About this exercise
For the word "Woven", state how many lines of the data include it. Respond with the number only.

Recorded data:
- Opening Delimiter -

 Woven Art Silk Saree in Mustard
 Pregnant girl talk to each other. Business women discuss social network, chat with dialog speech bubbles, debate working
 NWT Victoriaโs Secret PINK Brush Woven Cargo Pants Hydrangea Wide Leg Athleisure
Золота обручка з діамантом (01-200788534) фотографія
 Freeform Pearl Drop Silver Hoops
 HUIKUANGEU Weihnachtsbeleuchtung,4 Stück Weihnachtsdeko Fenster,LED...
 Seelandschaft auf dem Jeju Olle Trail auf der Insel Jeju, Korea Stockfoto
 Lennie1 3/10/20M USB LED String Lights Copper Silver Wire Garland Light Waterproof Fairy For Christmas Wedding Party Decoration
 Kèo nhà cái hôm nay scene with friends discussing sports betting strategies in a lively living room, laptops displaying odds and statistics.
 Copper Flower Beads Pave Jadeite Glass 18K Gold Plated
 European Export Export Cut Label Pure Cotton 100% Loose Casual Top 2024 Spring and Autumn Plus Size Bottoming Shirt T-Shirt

- Closing Delimiter -

Your solution
2